Tudor Manole (MIT): Statistics and DSI Joint Colloquium
Please join us for a Statistics and DSI joint colloquium.
Monday, January 12
11:30am – 12:30pm
Data Science Institute, Room 105
5460 S University Ave, Chicago, IL 60615
Title: A Statistical Framework for Benchmarking Quantum Computers
Abstract: Recent years have witnessed quantum computing technologies increasingly move from theoretical proposals to functioning experimental platforms, reaching major milestones such as the demonstration of beyond-classical computational tasks. Despite these exciting advances, current quantum computers experience hardware-level errors which limit their scalability, and which must be carefully identified before they can be mitigated. In this talk, I will develop a statistical framework for characterizing errors in quantum devices, using an existing experimental platform known as random circuit sampling. Data arising from this experiment can be described through a high-dimensional discrete latent variable model parametrized by the device’s error rates. We develop estimators for these error rates which are provably consistent even for large-scale quantum devices. We then apply our methods to benchmark a recent state-of-the-art quantum processor, obtaining a detailed report of error rates which were largely unavailable from past studies. I will close by placing these results in the broader context of my interdisciplinary work in the physical sciences, and by discussing some of my other research interests in nonparametric statistics and statistical optimal transport.

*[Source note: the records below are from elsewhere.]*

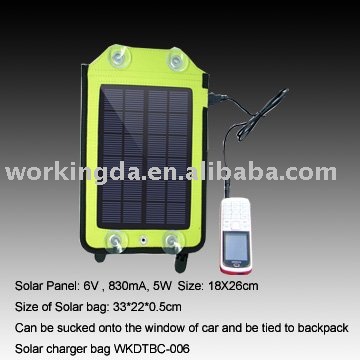 home solar power systems. Solar Power System Easy to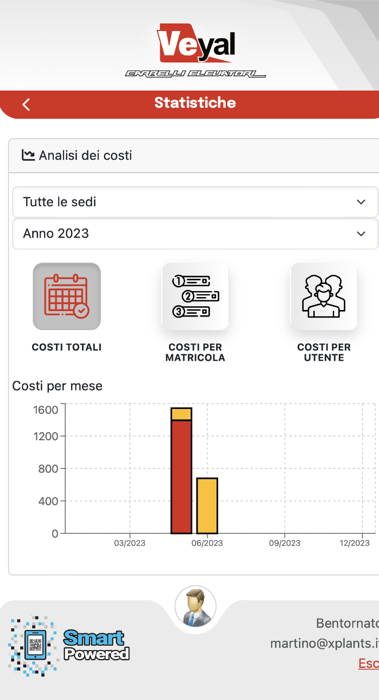 Visualizza le statistiche della tua flotta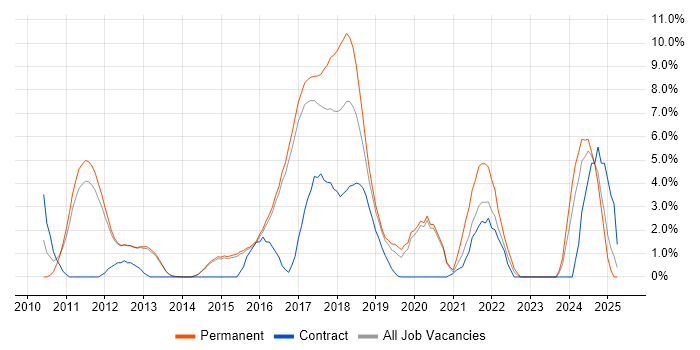 Job vacancy trend for BDD in Reigate Job vacancy trend for BDD in Reigate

Bio: I am a Norbert Wiener postdoctoral associate in the Statistics and Data Science Center at the Massachusetts Institute of Technology (MIT). I completed my PhD in the Department of Statistics and Data Science at Carnegie Mellon University (CMU), where I was advised by Sivaraman Balakrishnan and Larry Wasserman. Before joining CMU, I received a Bachelor of Science in Mathematics from McGill University, where I was mentored by Abbas Khalili.
I am broadly interested in nonparametric statistics and statistical machine learning. My theoretical research centers around statistical optimal transport, latent variable models, nonparametric hypothesis testing, and distribution-free inference. Much of my recent work is motivated by interdisciplinary collaborations in the physical sciences, particularly in quantum computing and high energy physics.